━━━ Records provided

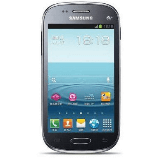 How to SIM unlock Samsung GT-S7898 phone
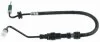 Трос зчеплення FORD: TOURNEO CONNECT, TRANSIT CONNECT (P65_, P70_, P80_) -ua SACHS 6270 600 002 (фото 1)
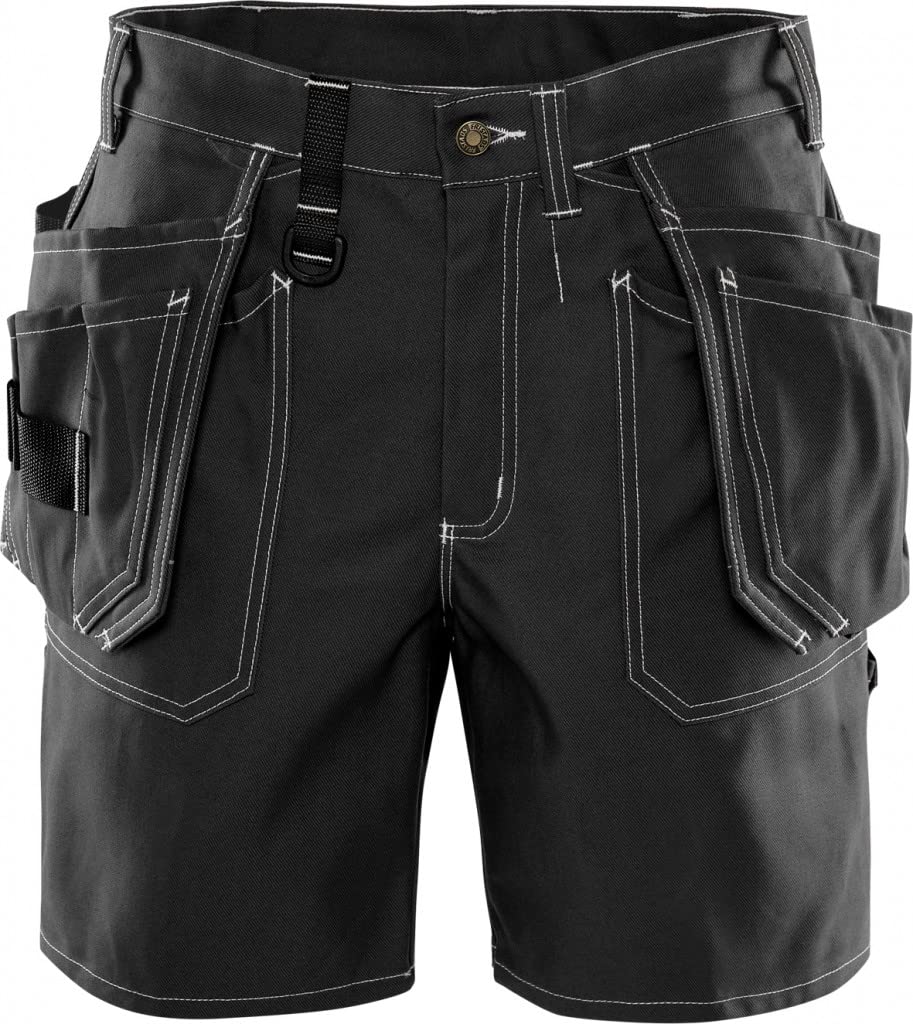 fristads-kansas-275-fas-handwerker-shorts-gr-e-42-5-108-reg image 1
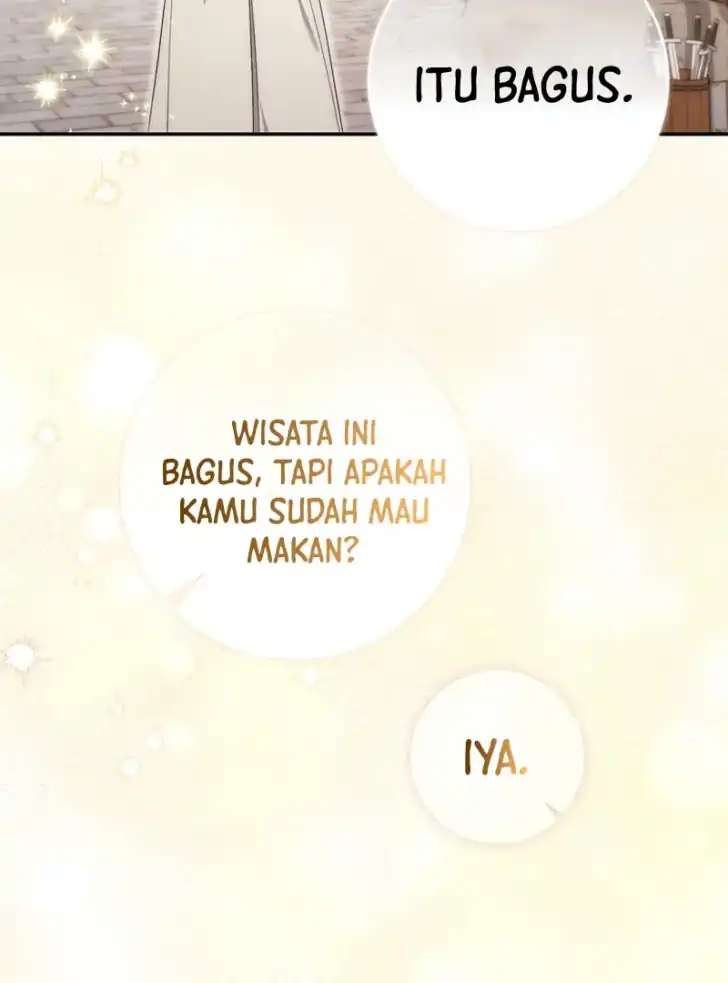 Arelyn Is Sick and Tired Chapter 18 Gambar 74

━━━━━━
━━━ Records provided

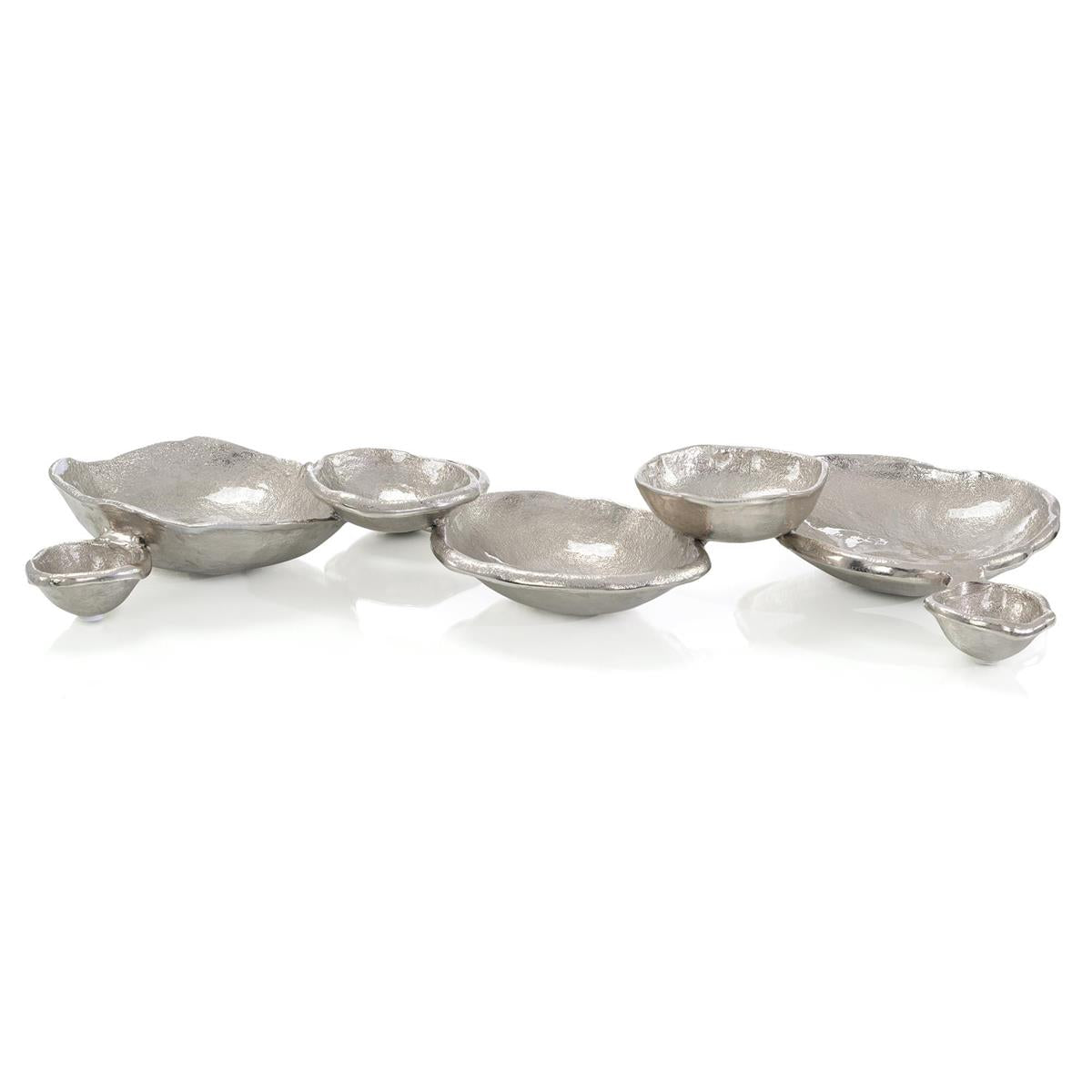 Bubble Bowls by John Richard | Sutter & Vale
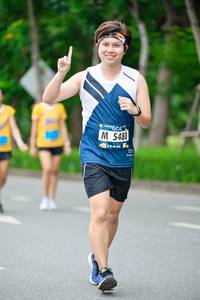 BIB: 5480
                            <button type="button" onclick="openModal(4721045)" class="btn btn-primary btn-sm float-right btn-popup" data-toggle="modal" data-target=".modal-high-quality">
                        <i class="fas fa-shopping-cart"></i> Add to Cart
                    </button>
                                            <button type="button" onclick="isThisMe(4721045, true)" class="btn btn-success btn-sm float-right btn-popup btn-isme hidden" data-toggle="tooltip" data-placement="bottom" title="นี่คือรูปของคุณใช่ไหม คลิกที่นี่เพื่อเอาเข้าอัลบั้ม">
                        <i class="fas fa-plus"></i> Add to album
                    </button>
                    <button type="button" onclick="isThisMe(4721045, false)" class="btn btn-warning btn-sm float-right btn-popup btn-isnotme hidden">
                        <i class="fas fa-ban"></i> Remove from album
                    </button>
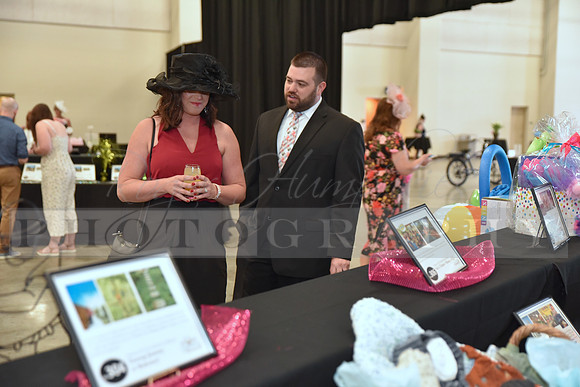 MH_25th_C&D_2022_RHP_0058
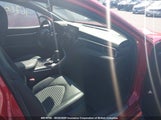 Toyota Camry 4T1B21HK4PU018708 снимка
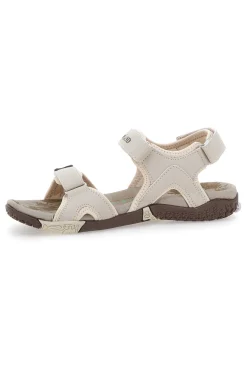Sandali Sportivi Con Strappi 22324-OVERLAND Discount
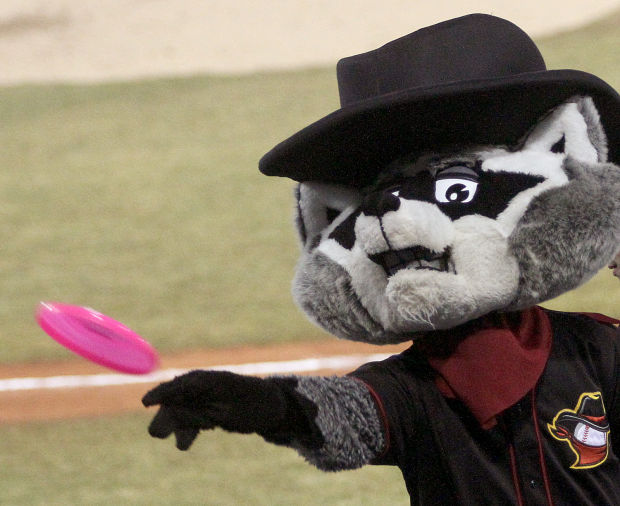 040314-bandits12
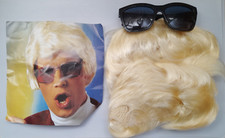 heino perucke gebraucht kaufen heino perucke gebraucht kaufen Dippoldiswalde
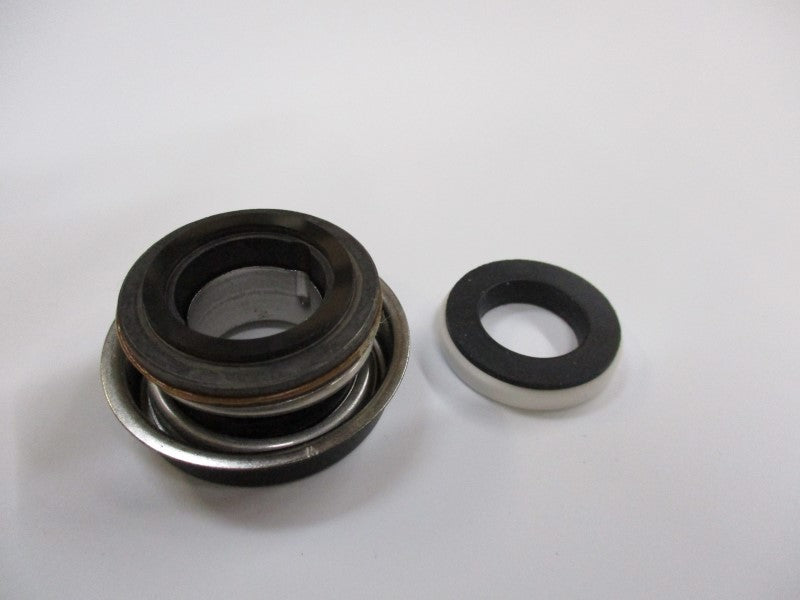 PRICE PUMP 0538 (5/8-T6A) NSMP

━━━━━━

Prompt: Each line of the records with the word "album" in it is to be copied.

Finished exercise:
                        <i class="fas fa-plus"></i> Add to album
                        <i class="fas fa-ban"></i> Remove from album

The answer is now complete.